[BRIEF]
Search the data below for "Laser" and report how many lines contain it, with no other text.

[RECORDS SHOWN]
BEGIN
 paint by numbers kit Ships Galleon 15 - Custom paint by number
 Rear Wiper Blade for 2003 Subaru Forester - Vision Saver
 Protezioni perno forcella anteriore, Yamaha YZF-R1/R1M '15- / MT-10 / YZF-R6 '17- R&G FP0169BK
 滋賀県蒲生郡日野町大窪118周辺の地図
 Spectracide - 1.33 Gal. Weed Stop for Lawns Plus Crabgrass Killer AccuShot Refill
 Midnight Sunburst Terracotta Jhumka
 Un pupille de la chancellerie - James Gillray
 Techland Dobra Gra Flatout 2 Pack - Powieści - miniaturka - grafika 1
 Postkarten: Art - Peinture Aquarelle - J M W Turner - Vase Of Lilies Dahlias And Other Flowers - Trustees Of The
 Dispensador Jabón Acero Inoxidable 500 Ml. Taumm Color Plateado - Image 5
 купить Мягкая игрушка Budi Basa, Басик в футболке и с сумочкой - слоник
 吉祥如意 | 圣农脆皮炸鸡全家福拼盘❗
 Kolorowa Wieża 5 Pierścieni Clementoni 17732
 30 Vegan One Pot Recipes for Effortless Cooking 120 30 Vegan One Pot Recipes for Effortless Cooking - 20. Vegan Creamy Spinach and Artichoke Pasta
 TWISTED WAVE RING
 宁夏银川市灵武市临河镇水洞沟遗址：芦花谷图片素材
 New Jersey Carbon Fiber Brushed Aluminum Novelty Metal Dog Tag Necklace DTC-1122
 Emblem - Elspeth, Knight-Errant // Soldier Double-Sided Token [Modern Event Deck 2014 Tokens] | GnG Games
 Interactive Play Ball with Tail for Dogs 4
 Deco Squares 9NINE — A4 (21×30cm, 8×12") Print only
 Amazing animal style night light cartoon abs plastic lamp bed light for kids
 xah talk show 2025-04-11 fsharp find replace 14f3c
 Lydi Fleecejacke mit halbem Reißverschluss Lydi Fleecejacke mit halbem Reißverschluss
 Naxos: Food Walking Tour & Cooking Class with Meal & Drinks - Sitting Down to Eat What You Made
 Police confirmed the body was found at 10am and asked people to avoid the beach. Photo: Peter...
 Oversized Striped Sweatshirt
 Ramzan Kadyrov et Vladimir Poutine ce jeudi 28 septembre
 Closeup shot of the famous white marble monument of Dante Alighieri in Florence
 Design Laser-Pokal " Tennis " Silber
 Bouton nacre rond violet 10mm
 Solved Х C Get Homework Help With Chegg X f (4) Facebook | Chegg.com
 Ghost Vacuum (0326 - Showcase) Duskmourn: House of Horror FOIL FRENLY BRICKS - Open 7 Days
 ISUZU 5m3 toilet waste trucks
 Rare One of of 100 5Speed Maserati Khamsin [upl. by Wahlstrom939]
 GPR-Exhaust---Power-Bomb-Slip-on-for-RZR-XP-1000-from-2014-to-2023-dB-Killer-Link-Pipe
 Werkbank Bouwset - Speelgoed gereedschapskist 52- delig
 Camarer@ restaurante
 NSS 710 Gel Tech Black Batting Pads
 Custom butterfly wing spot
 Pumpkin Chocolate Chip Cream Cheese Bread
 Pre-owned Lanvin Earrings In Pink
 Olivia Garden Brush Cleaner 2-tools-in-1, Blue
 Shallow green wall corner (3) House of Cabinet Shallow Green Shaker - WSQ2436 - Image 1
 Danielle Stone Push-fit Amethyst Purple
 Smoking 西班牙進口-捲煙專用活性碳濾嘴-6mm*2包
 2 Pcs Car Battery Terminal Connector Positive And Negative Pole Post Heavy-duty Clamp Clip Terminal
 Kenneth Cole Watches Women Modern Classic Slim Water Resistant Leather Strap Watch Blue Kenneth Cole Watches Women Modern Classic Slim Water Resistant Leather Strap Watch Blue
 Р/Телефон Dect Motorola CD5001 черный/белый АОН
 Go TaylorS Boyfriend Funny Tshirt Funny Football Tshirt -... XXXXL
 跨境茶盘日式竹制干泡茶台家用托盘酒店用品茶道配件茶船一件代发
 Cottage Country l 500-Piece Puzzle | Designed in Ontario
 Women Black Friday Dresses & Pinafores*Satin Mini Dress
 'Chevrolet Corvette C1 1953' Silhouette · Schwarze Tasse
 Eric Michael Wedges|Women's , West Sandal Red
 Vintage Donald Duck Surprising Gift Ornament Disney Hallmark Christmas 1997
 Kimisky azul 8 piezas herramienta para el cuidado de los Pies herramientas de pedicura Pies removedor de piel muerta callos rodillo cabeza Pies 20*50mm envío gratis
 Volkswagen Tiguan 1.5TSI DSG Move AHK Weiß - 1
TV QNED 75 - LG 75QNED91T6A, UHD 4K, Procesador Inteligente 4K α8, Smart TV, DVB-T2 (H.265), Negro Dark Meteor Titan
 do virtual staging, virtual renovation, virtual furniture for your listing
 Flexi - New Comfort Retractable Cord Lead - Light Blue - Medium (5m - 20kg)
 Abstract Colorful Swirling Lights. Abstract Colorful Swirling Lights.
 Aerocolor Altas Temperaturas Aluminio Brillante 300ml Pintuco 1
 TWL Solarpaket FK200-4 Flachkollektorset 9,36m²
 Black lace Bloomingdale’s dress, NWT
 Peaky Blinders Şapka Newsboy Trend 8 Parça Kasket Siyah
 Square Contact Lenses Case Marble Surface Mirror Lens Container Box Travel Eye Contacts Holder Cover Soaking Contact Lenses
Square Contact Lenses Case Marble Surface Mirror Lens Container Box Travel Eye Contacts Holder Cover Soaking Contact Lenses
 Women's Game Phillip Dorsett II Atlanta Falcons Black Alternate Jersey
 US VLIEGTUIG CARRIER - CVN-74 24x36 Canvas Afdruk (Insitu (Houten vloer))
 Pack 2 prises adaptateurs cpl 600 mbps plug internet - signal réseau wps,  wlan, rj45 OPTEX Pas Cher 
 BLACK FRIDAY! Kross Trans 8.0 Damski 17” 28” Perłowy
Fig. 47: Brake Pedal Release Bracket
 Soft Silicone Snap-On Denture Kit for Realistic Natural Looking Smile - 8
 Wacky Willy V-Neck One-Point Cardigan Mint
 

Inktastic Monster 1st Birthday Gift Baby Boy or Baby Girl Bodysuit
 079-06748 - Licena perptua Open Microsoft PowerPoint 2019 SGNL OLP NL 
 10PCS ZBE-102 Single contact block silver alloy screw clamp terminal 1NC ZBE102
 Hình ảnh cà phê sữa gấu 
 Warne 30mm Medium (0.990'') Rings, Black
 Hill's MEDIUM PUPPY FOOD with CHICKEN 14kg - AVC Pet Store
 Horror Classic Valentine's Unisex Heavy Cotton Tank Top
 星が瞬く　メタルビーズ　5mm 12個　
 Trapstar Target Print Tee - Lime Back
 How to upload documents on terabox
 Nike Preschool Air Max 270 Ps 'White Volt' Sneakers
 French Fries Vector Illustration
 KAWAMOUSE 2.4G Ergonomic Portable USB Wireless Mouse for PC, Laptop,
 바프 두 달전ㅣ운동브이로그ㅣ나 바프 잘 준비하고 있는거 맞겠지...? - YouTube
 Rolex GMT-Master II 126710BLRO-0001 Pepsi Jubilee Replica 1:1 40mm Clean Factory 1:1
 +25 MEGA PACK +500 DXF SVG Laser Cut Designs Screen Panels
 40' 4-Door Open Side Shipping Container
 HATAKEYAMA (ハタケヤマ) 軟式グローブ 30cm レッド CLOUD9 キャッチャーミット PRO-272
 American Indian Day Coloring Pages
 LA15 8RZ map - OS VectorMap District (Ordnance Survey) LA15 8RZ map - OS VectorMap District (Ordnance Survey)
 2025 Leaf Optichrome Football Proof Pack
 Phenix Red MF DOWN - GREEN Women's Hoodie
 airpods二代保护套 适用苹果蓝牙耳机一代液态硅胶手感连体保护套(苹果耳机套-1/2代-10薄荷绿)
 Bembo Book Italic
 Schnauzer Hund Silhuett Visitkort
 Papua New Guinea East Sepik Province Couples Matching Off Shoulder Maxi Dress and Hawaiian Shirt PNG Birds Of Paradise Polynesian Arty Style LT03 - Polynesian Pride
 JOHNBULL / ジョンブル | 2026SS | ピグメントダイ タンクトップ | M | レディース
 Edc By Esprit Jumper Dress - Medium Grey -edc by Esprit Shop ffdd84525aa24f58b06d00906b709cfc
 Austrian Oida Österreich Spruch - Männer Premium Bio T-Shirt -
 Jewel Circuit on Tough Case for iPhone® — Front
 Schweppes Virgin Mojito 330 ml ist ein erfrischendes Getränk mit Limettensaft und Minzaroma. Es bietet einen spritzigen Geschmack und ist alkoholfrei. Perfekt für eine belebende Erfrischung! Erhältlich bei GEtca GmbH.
END
[REPLY]
2